Smallpox - a historical account
On Wednesday, April 6th, at Kingston University, we enjoyed a stimulating, largely historical account of Smallpox, given by Dr Tim Mason from the University of Portsmouth.

At first Tim gave us some background about these comparatively large, double-stranded DNA, orthopox viruses that infect a number of mammalian species including monkeys, cows, horses, camels and of course people, causing significant diseases. In humans the mortality is normally around 30% within 3 or 4 weeks, however there are a number of types of human smallpox with widely differing outcomes.

Wellcome Images N0025615
Because of the high and rapid mortality from this disease, and because survivors have life-long resistance, Tim suggested that the disease would have required a significant population of sensitive hosts before it could have become established. Early human settlements normally contained only a few families so when the virus first jumped species to affect humans, the outbreaks would probably have burnt themselves out and it was possibly not until around 4,000 BC that the human populations had reached sufficient densities for the disease to gain hold and then spread, presumably via migrants and traders.
The original site from which the first epidemic arose is not clear but the disease is known to have affected early civilizations in Egypt, Mesopotamia, India and China with the Pharaoh Ramses V a possible victim in 1157BC. However it was not until around the 11thcentury AD that the disease is known to have entered Europe, probably brought by returning Crusaders.

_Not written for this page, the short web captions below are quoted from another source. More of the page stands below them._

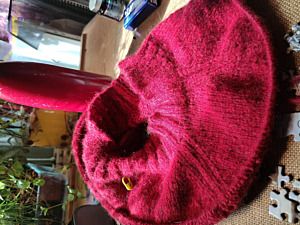 Productreview foto van klant - DROPS Air Uni Colour - 44 karmijnrood - Wol Garen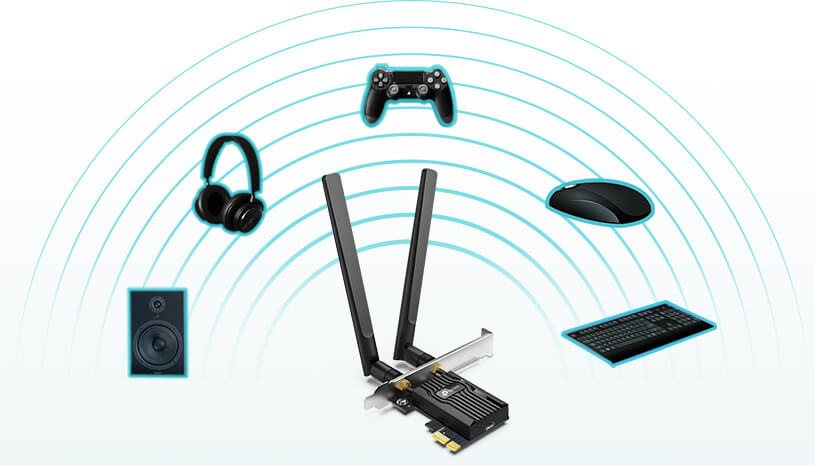 Síťová karta TP-Link Archer TX20E, AX1800 Wi-Fi 6 Bluetooth PCIe černá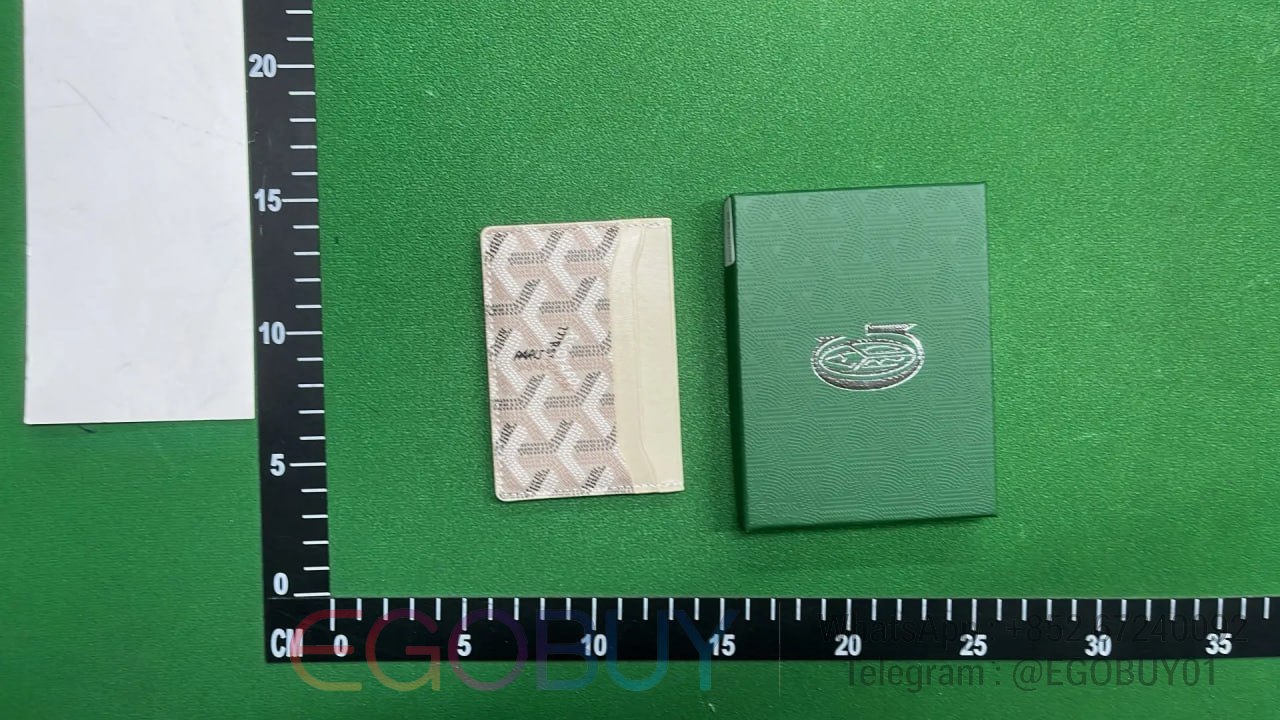 Goyard Wallets & Card Holders Monogram Holder — 05 Card Holder Khaki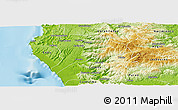 Physical Panoramic Map of Los Alamos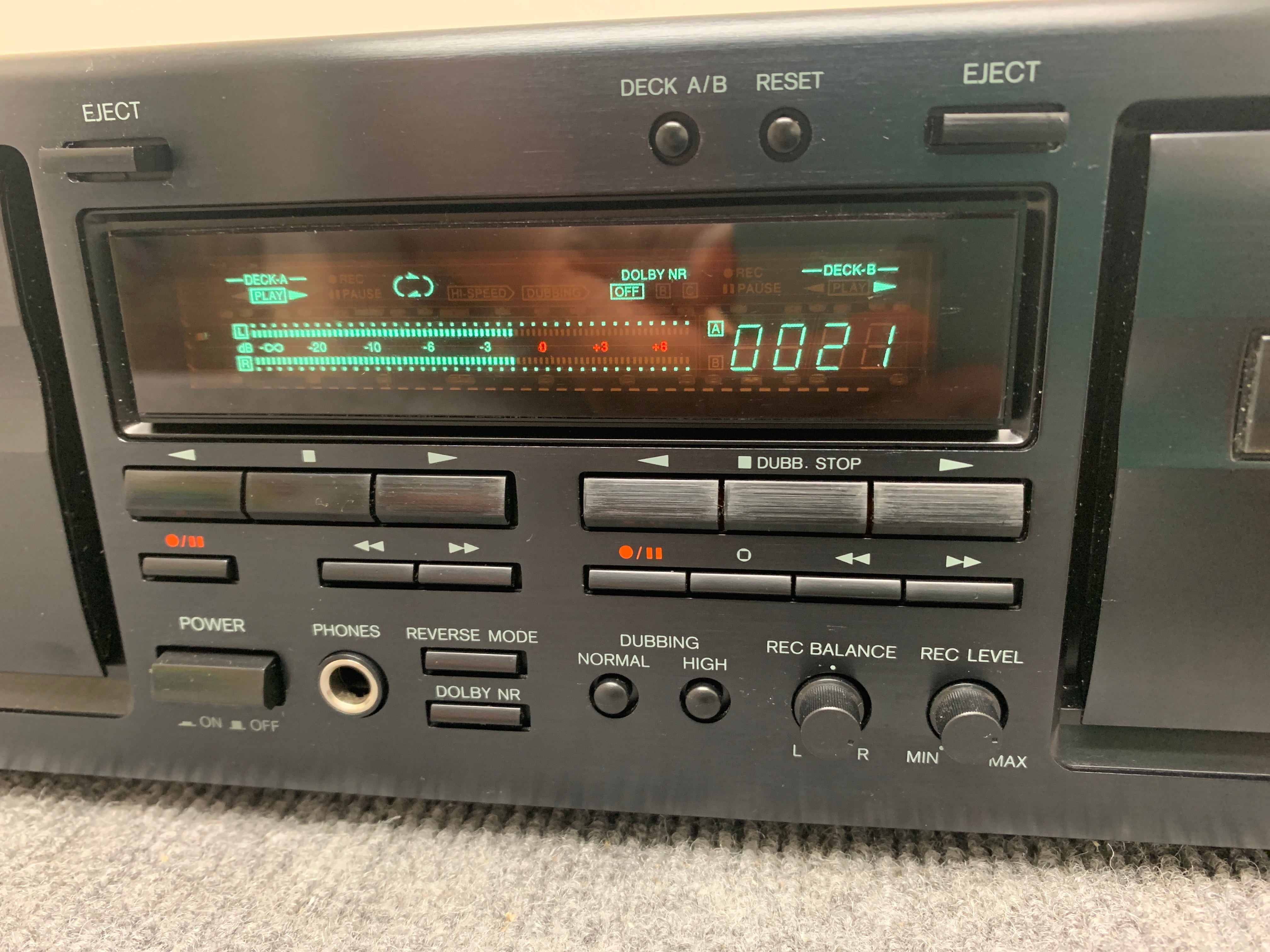 Onyxko Dual store Tape Deck Receiver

The first known examples of medical practices offering some protection were in 10th century India and China where it had been noticed that mild infections gave life-long immunity. Practitioners therefore started transferring the disease from people with mild forms of smallpox, via drops of pustule contents on cotton wool, into the noses of healthy people. In this way considerable protection was achieved.
This remedy was taken up by the Ottomans in seventeenth century Turkey where a large needle was used to open a vein and introduce the infection. Though the Royal Society in England had been informed of this technique, it was not used in Britain until the wife of the Turkish ambassador, Lady Mary Wortley Montague, returned in1718 and, with much publicity, had her son and then her daughter inoculated.
The technique was also tried on criminals in Newgate jail and on children in the poor house. As most of these survived the technique was given Royal Approval and became more widespread, though the practice of inoculation was mixed with other medical procedures such as dietary changes and bleeding.
It is probable that all of these procedures were using the Smallpox (Variola) virus. However, during the eighteenth century, there had been several reports of animal poxes giving some protection to humans. For example it had been reported that cavalry men who had been exposed to Horsepox or milkmaids who had caught cowpox, both caused by Vaccinia viruses, had some resistance to Smallpox.
Meanwhile in Berkeley, north of Bristol, Edward Jenner was constructing for himself a career as a geologist, biologist and surgeon. He had been apprenticed as a boy to a surgeon, then studied for two years with the eminent surgeon, John Hunter, in London. He too had noted that milkmaids who had caught cowpox were immune to smallpox so he started the practice of vaccination, first, in a distinctly unethical experiment, he used organisms from a milkmaid named Sarah Nelmes to inoculate James Phipps, the 8 year old son of a local farmer. A few weeks later he then exposed James to smallpox and showed that he was immune.
He then went on to try the technique on many patients, then, in 1798, he published this new technique and earned himself widespread fame as the originator of vaccination. However when he was elected to the Royal Society it was for a paper on the nesting habits of the cuckoo.
So, Edward Jenner became famous for using the cowpox virus to protect against smallpox and, in 1862, a statue to him was erected in Kensington Gardens.
However, recent sequence analyses of the virus used for vaccination has suggested that it is more closely related to camel pox than to cow pox; perhaps reflecting the lack of aseptic technique and likely contamination that would have occurred during the course of the 19th century.
Following an enthusiastic round of applause, Dr Mason took a number of questions from the floor, including from one member of the audience who had been working in the laboratory in which the last known victim caught and died from Smallpox. Overall it was a very entertaining, stimulating and interesting lecture.